**Provided material:**
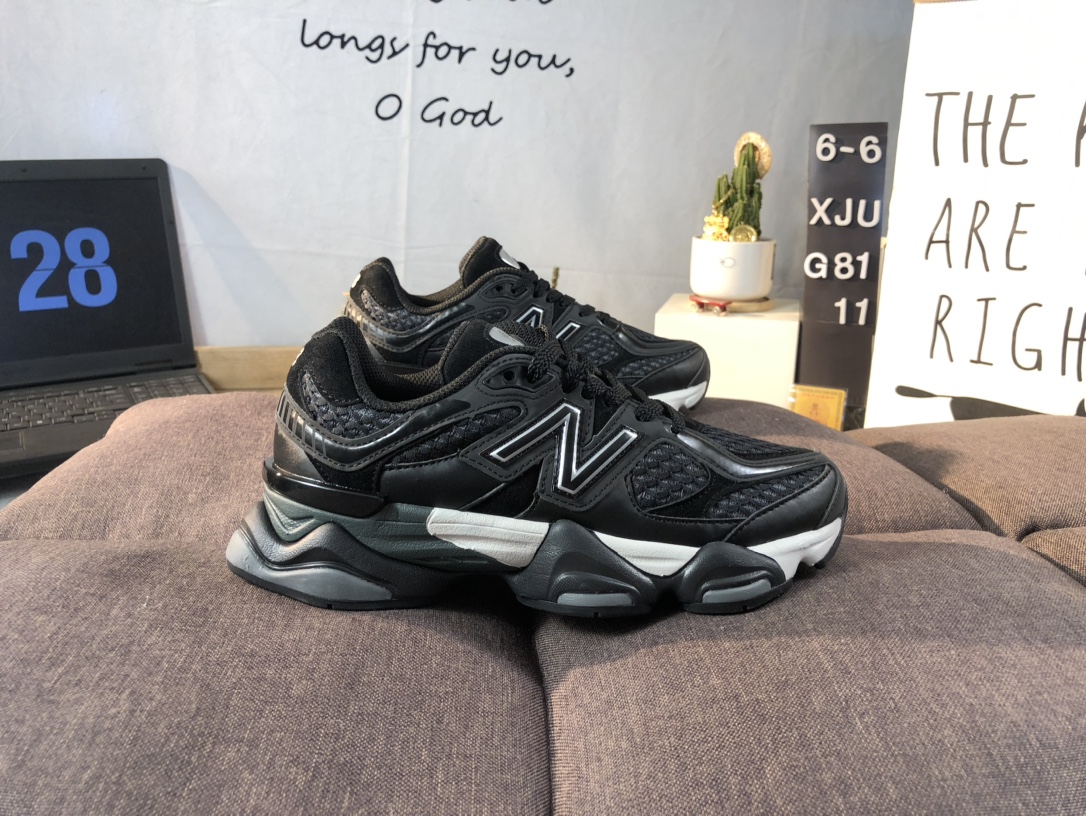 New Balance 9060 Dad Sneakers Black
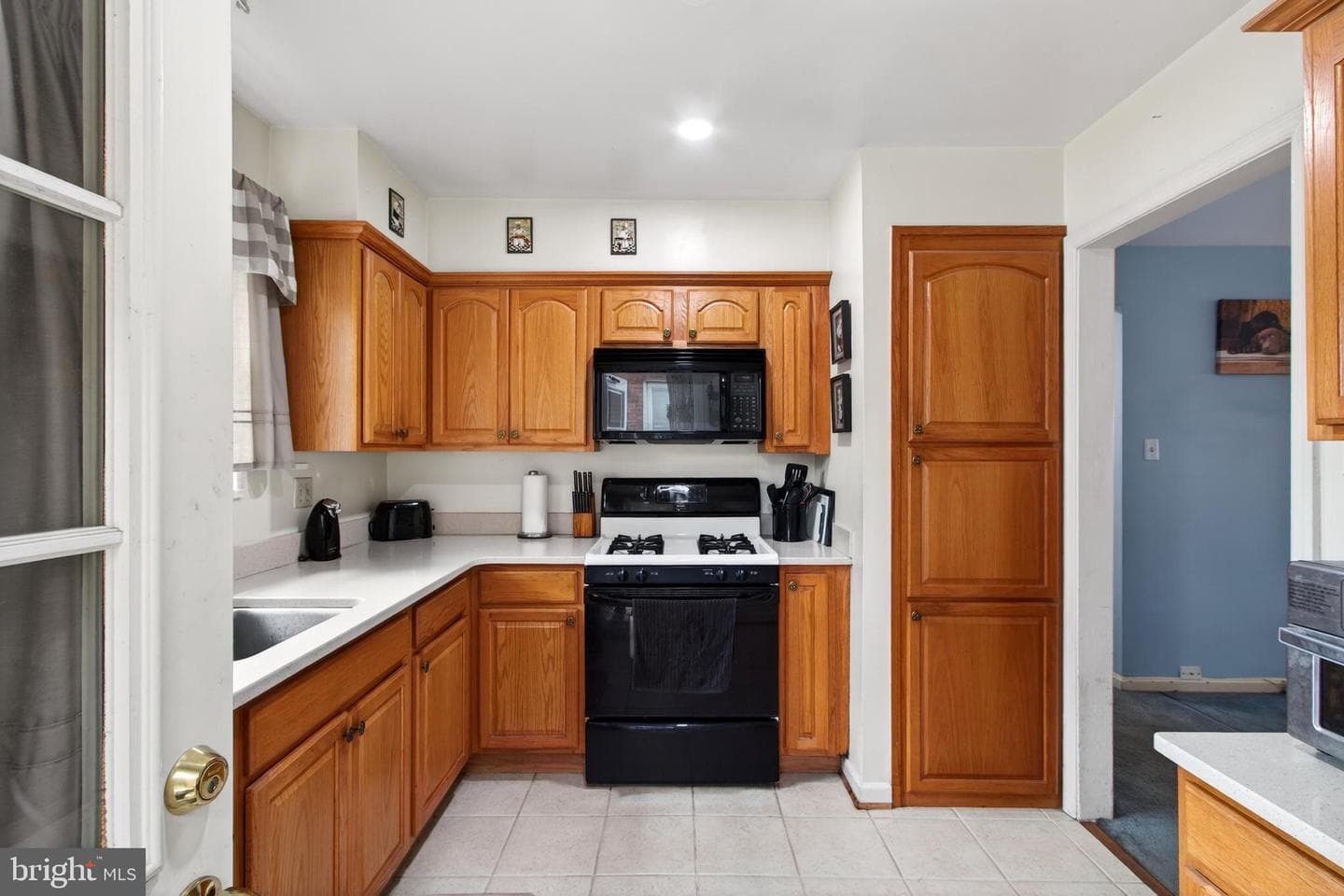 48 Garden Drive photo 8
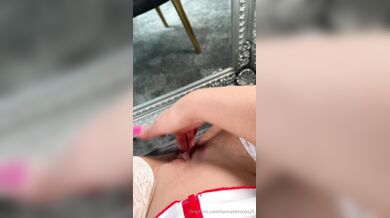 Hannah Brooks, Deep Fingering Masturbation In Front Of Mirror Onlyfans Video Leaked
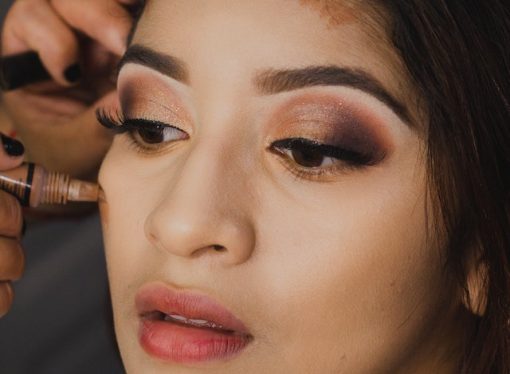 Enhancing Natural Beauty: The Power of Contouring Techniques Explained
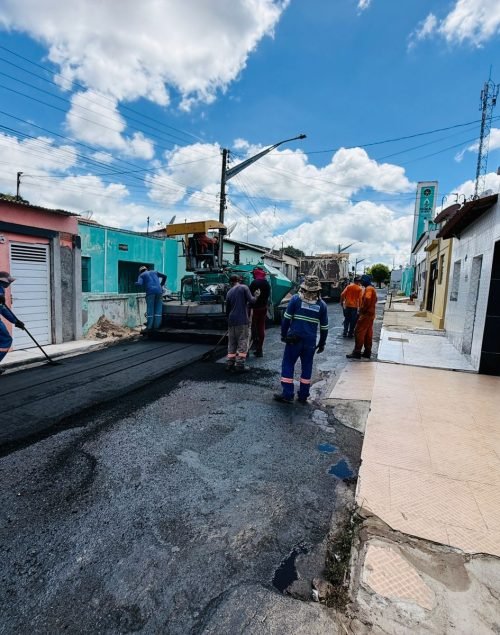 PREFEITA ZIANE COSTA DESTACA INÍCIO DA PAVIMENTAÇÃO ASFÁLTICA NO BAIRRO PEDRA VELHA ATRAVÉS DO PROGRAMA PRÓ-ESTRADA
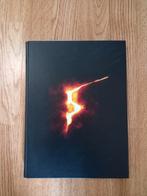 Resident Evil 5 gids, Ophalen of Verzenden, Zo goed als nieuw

--

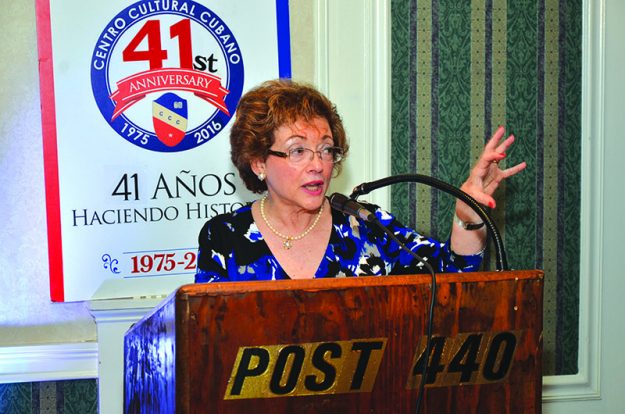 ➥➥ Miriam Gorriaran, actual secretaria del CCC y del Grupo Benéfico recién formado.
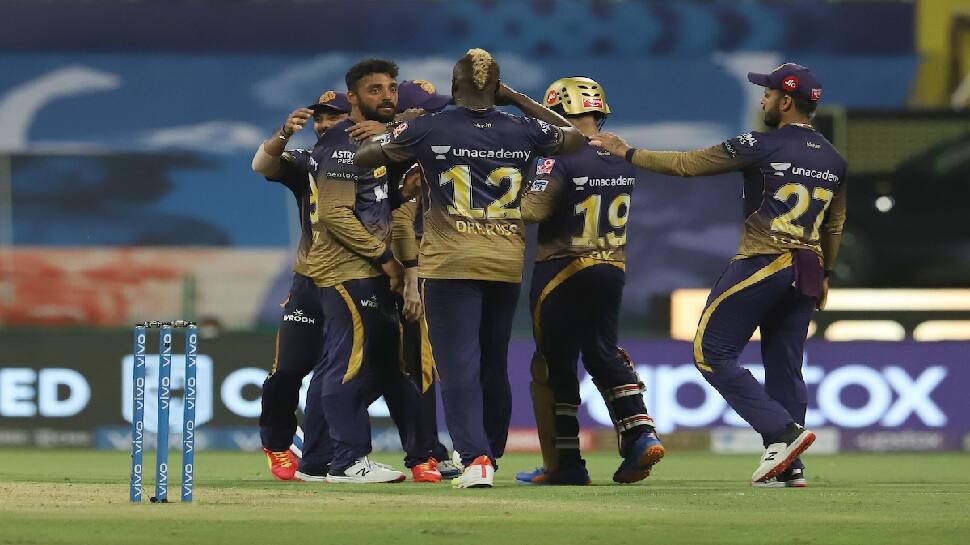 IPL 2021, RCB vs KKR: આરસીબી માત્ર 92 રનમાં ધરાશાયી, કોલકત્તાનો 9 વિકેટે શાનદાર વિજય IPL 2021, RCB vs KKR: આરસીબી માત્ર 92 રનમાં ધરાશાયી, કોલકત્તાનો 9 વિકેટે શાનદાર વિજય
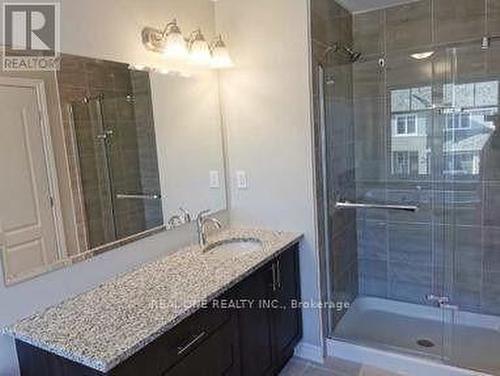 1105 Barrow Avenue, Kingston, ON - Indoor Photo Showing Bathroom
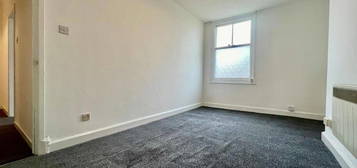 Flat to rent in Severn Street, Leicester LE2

---

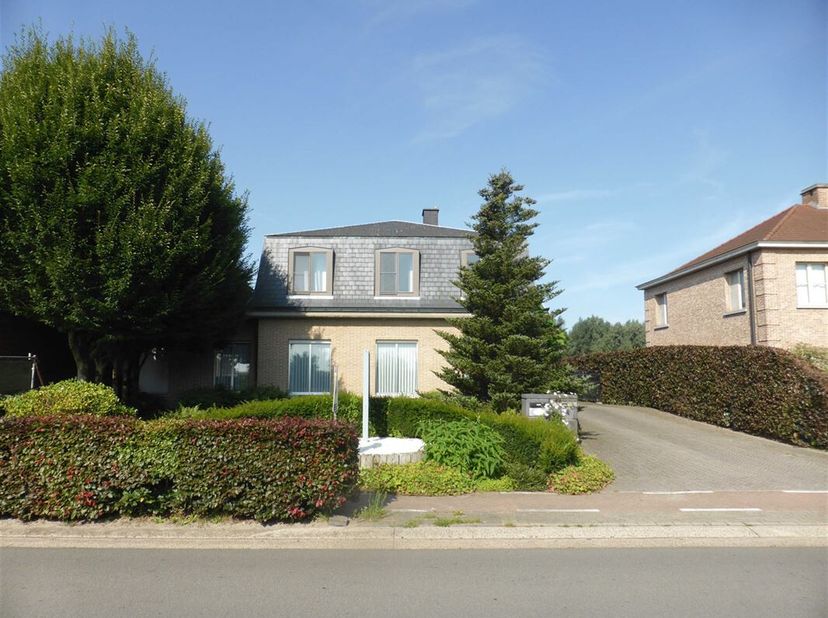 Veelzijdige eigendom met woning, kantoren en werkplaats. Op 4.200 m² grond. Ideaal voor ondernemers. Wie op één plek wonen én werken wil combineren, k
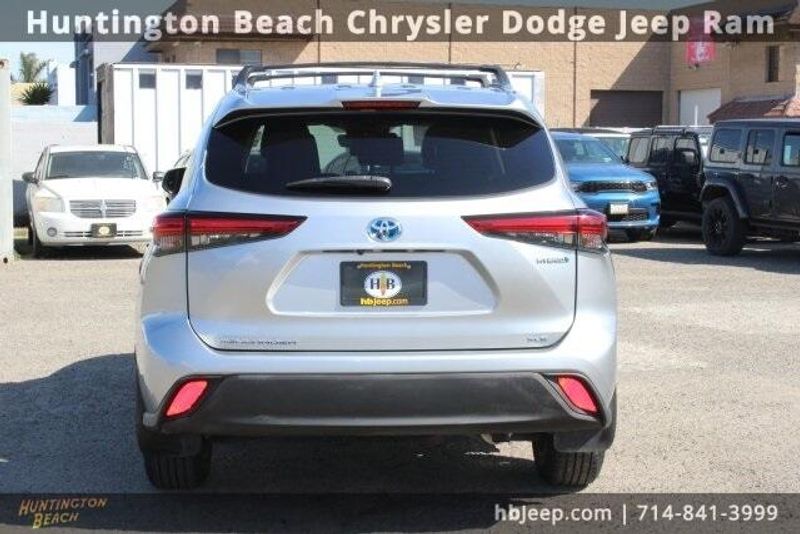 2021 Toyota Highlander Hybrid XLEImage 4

**Goal of the exercise:** In the material above, which lines fall between the one holding "New Balance 9060 Dad Sneakers Black" and the one holding "Resident Evil 5", inclusive? Print exactly those, with the pictures left out.

**Expected answer:**
 New Balance 9060 Dad Sneakers Black
 48 Garden Drive photo 8
 Hannah Brooks, Deep Fingering Masturbation In Front Of Mirror Onlyfans Video Leaked
 Enhancing Natural Beauty: The Power of Contouring Techniques Explained
 PREFEITA ZIANE COSTA DESTACA INÍCIO DA PAVIMENTAÇÃO ASFÁLTICA NO BAIRRO PEDRA VELHA ATRAVÉS DO PROGRAMA PRÓ-ESTRADA
 Resident Evil 5 gids, Ophalen of Verzenden, Zo goed als nieuw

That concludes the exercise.